Download as Jupyter Notebook

Learning Objectives

After completing this tutorial, you will be able to:

Apply the group ACV framework to estimate variances and joint mean+variance vectors, using the same groups and the same optimal-weight result as for mean estimation
Identify the additional pilot quantities (the $W$ and $B$ matrices) needed to compute the per-group covariance for higher-order statistics
Explain why joint mean+variance estimation reduces both the mean and the variance estimators’ variance compared to estimating each separately — the “estimate together to do better” pattern from MOACV, applied to statistics
Identify which PyApprox estimator class supports which statistic and recognize why MLBLUEEstimator is restricted to mean estimation

Prerequisites

Complete Group ACV Concept for the framework. Multi-Output ACV Concept is helpful: this tutorial applies the same “estimating together helps each” pattern across statistics instead of across QoIs.

What Changes — and What Doesn’t

Mean estimation under group ACV combines per-group sample means $\hat{\mu}_\ell^k = (1/m^k) \sum_i f_\ell(\boldsymbol{\theta}_k^{(i)})$ with weights chosen by the framework. The unbiasedness constraint and the optimal-weight formula \[ \boldsymbol{\beta}^{\star} = C^{-1} R^{\!\top} (R\, C^{-1} R^{\!\top})^{-1} \mathbf{e}^0 \tag{1}\] hold for any unbiased per-group estimator, not just sample means. To estimate a different statistic, we change two things:

The per-group estimator — sample mean becomes sample variance or (sample mean, sample variance) jointly.
The per-group covariance block $C^k$ — for sample means it is $(1/m^k) \boldsymbol{\Sigma}^k$; for sample variances and mean+variance it involves higher-order moments.

The group structure $\{\mathcal{G}^k\}$, the restriction matrix $R$, and the optimal-weight formula are unchanged. The framework supports the new statistic through one mechanical replacement.

Variance Estimation Under Group ACV

The standard unbiased sample variance estimator for model $\ell$ in group $k$ is \[ \hat{\sigma}_\ell^{2,k} = \frac{1}{m^k - 1}\sum_{i=1}^{m^k} \left(f_\ell(\boldsymbol{\theta}_k^{(i)}) - \hat{\mu}_\ell^k\right)^2, \tag{2}\]

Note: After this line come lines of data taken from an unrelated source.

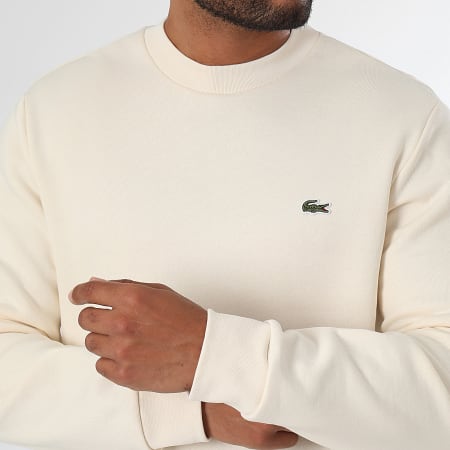 Lacoste - Sweat Crewneck Logo Brodé Crocodile Beige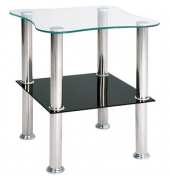 Beistelltisch 33510, 47cm (H), 40x40cm (BxT), quadratisch, schwarz / silber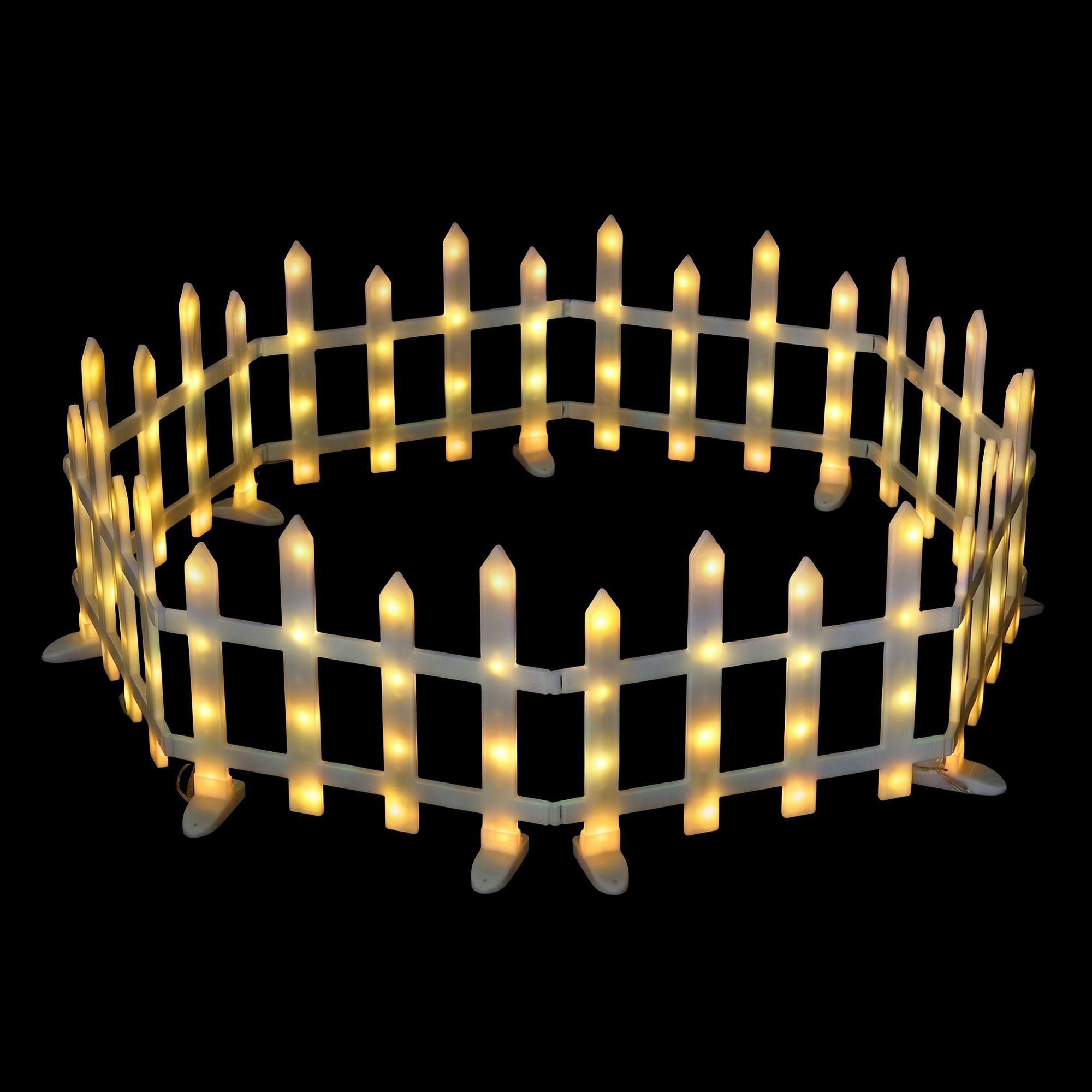 3M Solar Christmas Fence Lights with 128 Warm White LED – 8 Pack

centered on the sample mean $\hat{\mu}_\ell^k$ of the same group’s samples. This is unbiased for the population variance $\sigma_\ell^2$.

Sample-mean centering — Choice A

PyApprox uses sample-mean-centered variance estimators (Equation 2) rather than centering on a known population mean even when one is available. This is the standard choice and is what CVEstimator, MultiOutputVariance.sample_estimate, and the group ACV variance pathway all use. A variant centering on a known population mean $\mu_\ell$ (when known) would yield approximately a factor $(m^k-1)/m^k$ additional variance reduction, but is not implemented.

Per-group estimator vector $\hat{\mathbf{V}}^k$ now contains sample variances for the models in $\mathcal{S}^k$: \[ \hat{\mathbf{V}}^k = \left(\hat{\sigma}_\ell^{2,k}\right)_{\ell \in \mathcal{S}^k} \in \mathbb{R}^{|\mathcal{S}^k|}. \] The group ACV estimator becomes \[ \hat{V}_{\text{GACV}} = \sum_{k=1}^K (\boldsymbol{\beta}^k)^{\!\top} \hat{\mathbf{V}}^k, \] and the unbiasedness constraint $R\,\boldsymbol{\beta} = \mathbf{e}^0$ enforces $\mathbb{E}[\hat{V}_{\text{GACV}}] = \sigma_0^2$. The optimal-weight formula Equation 1 applies as written.

The per-group covariance $C^k$ for variance estimation

The per-group covariance block changes character. For mean estimation, $\mathrm{Cov}(\hat{\mu}_\ell^k, \hat{\mu}_{\ell'}^k) = (1/m^k)\,\Sigma_{\ell \ell'}$ follows from the central limit theorem applied to iid samples. For variance estimation, the analogous covariance involves higher-order moments: \[ \mathrm{Cov}\!\left(\hat{\sigma}_\ell^{2,k}, \hat{\sigma}_{\ell'}^{2,k}\right) = \frac{1}{m^k}\,W_{\ell \ell'} + O\!\left(\frac{1}{(m^k)^2}\right), \tag{3}\] where $W_{\ell \ell'} = \mathbb{E}\!\left[(f_\ell - \mu_\ell)^2 (f_{\ell'} - \mu_{\ell'})^2\right] - \Sigma_{\ell \ell} \Sigma_{\ell' \ell'} - 2\,\Sigma_{\ell \ell'}^2$ is a fourth-order joint moment — the covariance of squared centered values between models $\ell$ and $\ell'$.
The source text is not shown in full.